A silence ensued but before the fox could reply, Ed continued.

“How can I not have been aware of dying? Surely that would have been something I might have noticed? How switched off from my environment would I need to have been to miss that?”

“You’ll never really remember dying, or that much of the journey afterwards, but you will remember moments leading up to it. Things will become much clearer, trust me.”

“What’s the point in things getting clearer if I’m a tortoise with the memories of a human? From what I remember, they don’t even have hands. Even with an iPhone, I wouldn’t be any better equipped to get any help.”

“Get help? Are you mad? There’s no help for you now, other than from yourself, and you’re already running out of time. Besides, even if you could ‘instant message’ someone to say you’d somehow accidentally been transformed into a tortoise and you were down by the river with a fox, how do you think they’d deal with that?”

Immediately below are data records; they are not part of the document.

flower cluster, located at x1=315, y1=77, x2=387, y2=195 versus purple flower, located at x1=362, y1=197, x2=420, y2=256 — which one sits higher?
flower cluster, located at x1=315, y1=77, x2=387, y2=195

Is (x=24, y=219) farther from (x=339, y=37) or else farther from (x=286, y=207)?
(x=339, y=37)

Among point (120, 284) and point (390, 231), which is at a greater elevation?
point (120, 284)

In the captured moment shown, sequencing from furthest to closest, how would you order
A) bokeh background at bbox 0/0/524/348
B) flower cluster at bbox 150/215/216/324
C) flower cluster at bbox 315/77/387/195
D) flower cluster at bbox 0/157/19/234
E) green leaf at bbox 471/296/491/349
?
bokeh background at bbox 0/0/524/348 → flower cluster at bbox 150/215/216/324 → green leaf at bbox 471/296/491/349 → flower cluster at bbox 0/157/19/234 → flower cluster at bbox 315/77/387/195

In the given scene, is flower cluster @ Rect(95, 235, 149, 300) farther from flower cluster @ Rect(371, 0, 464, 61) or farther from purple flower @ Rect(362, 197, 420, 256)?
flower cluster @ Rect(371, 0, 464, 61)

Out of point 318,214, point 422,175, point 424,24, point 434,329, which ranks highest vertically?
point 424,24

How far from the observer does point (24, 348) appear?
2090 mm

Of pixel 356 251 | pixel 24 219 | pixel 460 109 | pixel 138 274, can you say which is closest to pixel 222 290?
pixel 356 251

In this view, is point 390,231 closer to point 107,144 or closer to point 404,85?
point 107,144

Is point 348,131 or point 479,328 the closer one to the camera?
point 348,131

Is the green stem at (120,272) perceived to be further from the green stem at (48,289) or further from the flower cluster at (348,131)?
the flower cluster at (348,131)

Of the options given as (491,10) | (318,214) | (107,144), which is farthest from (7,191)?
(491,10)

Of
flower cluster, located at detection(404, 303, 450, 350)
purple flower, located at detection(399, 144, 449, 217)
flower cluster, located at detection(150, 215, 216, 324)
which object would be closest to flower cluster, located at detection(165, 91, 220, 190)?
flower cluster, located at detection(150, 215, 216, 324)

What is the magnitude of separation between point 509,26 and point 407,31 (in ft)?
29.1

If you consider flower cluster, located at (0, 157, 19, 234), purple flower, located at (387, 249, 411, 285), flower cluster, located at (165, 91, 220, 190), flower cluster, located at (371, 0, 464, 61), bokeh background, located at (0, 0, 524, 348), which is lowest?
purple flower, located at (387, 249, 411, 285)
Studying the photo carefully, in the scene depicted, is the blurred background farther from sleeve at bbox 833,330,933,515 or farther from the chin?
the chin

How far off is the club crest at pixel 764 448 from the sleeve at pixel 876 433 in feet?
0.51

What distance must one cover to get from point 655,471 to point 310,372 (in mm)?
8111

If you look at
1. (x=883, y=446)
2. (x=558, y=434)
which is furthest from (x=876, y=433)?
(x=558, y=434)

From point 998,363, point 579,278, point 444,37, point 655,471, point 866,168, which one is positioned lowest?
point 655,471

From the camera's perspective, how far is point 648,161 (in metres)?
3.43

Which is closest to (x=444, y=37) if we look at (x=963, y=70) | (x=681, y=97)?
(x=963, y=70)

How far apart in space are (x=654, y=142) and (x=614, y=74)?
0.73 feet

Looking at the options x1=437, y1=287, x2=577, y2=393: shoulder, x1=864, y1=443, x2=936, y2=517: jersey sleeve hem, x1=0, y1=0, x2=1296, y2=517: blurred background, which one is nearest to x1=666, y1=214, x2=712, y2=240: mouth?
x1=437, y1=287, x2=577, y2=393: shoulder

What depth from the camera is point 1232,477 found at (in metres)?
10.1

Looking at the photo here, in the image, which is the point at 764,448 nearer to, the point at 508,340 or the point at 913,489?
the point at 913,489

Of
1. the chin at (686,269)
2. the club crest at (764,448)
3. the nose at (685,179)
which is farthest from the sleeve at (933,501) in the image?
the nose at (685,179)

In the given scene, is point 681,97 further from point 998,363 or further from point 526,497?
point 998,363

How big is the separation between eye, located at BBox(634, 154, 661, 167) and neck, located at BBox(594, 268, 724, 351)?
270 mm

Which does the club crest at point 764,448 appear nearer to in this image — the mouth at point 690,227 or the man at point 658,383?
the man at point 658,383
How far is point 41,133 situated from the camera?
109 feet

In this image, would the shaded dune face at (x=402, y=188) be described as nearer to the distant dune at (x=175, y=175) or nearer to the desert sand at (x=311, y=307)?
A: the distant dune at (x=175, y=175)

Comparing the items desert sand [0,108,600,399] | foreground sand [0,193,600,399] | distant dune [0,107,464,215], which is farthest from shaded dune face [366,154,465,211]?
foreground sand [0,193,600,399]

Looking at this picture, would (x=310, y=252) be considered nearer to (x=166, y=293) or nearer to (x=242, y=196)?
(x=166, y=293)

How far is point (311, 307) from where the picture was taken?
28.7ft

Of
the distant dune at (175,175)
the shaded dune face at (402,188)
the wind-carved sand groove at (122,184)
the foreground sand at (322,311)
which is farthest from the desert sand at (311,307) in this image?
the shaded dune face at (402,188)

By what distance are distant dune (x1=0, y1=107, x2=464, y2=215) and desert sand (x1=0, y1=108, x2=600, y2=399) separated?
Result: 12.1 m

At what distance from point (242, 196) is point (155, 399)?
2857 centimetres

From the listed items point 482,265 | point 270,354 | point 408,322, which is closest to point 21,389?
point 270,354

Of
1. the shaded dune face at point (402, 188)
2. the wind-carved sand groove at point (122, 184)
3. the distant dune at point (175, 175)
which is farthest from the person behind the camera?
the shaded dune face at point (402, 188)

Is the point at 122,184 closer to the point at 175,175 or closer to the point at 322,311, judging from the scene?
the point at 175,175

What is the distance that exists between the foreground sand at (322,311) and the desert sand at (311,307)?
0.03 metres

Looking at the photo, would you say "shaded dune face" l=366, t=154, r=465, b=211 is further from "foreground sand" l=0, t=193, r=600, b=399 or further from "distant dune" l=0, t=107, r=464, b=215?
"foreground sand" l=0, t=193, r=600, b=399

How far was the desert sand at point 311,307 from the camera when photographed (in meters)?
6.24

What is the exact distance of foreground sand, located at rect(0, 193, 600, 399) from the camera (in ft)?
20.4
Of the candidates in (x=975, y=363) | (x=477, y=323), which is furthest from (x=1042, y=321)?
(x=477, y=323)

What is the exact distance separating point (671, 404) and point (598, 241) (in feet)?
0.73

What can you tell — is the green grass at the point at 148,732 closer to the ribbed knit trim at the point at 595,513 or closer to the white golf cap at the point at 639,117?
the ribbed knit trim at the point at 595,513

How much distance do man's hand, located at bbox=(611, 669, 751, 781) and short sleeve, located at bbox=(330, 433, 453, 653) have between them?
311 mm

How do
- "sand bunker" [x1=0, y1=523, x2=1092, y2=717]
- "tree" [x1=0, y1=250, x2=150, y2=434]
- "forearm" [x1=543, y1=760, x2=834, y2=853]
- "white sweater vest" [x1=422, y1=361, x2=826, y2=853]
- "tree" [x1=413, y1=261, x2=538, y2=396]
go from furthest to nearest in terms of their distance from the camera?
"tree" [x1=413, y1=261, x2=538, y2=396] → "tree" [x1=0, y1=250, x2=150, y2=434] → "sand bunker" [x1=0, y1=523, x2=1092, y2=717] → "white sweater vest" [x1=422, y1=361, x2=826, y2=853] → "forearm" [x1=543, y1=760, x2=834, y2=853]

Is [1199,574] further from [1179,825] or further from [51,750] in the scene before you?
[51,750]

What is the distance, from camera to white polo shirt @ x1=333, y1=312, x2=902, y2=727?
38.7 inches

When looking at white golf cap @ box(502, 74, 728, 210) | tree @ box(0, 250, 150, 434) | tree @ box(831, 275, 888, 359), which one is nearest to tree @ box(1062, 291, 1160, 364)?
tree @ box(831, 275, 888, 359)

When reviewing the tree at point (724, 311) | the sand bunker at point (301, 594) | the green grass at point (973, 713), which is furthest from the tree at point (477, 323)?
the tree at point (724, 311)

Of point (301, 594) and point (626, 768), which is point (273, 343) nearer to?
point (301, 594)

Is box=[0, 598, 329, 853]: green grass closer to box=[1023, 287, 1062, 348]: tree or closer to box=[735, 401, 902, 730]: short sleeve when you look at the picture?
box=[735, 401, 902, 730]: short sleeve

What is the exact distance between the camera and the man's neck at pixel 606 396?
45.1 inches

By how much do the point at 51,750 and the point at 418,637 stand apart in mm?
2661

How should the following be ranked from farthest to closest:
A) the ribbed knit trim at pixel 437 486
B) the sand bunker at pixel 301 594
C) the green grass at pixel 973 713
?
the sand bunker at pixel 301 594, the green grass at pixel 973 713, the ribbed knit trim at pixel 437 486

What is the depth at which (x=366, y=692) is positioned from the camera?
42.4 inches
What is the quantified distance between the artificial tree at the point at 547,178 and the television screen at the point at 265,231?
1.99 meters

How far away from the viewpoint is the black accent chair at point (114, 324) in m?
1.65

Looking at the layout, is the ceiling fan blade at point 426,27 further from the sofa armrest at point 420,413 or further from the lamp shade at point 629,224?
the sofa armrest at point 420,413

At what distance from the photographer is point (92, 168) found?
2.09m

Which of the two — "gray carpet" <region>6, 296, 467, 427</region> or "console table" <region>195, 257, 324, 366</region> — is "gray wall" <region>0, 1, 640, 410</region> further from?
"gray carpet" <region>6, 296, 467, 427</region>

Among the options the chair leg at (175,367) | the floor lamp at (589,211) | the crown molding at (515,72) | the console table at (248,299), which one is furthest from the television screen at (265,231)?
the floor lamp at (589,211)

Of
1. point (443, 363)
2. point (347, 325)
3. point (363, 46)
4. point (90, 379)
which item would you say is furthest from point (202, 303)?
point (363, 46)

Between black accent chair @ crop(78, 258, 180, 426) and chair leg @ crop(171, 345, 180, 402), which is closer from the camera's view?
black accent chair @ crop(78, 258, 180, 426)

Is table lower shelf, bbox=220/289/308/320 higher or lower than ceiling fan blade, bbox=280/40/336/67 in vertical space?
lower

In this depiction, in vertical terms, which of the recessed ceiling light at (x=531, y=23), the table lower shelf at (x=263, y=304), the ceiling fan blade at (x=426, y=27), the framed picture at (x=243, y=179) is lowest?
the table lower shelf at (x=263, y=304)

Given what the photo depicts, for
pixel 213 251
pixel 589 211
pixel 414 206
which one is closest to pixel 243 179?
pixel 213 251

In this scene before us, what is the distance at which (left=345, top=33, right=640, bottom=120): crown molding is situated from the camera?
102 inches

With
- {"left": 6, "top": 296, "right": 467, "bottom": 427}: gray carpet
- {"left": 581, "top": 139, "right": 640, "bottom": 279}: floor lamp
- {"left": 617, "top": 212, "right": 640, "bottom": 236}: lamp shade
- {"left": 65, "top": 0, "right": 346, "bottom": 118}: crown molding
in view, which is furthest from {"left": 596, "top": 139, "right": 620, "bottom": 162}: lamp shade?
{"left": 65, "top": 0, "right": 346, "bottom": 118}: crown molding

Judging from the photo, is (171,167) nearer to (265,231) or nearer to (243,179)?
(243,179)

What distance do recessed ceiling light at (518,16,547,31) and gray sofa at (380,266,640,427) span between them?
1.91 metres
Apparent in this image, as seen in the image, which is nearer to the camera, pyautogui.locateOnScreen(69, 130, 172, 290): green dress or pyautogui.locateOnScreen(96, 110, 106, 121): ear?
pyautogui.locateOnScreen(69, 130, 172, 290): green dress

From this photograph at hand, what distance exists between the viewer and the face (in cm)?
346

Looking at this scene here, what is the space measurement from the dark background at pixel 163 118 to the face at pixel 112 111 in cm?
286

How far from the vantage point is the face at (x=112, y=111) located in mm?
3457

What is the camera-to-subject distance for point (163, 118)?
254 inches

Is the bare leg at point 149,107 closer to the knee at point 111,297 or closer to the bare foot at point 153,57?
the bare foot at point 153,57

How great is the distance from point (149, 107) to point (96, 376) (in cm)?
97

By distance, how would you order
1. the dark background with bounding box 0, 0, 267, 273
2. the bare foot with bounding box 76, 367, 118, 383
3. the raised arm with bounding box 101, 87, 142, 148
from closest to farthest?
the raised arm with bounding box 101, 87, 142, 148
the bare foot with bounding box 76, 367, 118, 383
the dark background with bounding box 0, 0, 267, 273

“Well they’d come down and I’d speak to them just like I’m speaking to you now. How difficult can that be?”

“Mmmm, I forgot to mention, only other transients can hear us speak. It’s been absolutely ages since I last spoke to someone. Transients can hear one another, but any ‘non transient’ only hears normal animal noises, bleating, barking, squeaking etc. For a tortoise, I think they might find it hard to hear anything at all.”

“What do you mean, a transient? What on earth are you talking about? What’s a transient?” enquired Ed curiously.

“Well that’s what’s happened. You’ve been transitioned into the body of a tortoise.”

“Is that a term you’ve just made up or something?”

“I wouldn’t say that. It is common usage of the word, changeable, deciduous and emigrating in a fleeting and impermanent way.”

“Fleeting and impermanent? So I won’t stay like this forever then?” queried Ed.

“No, you won’t stay like it forever. There are some issues we have choice over.”

“What issues? What choice? This must be hell. A tortoise. Why a tortoise?” replied Ed with a growing feeling of angst.

“From what I understand, transience into an animal host seems to be arrived at randomly. It is not a reflection on your worth, dignity or morality. For you, it’s just bloody unlucky that you’ve ended up as a tortoise.”

“Great. I’d like to say I’ll take this on the chin and move on, but I don’t actually have one. Besides, how could you take ‘being turned into a tortoise’ on the chin anyway?”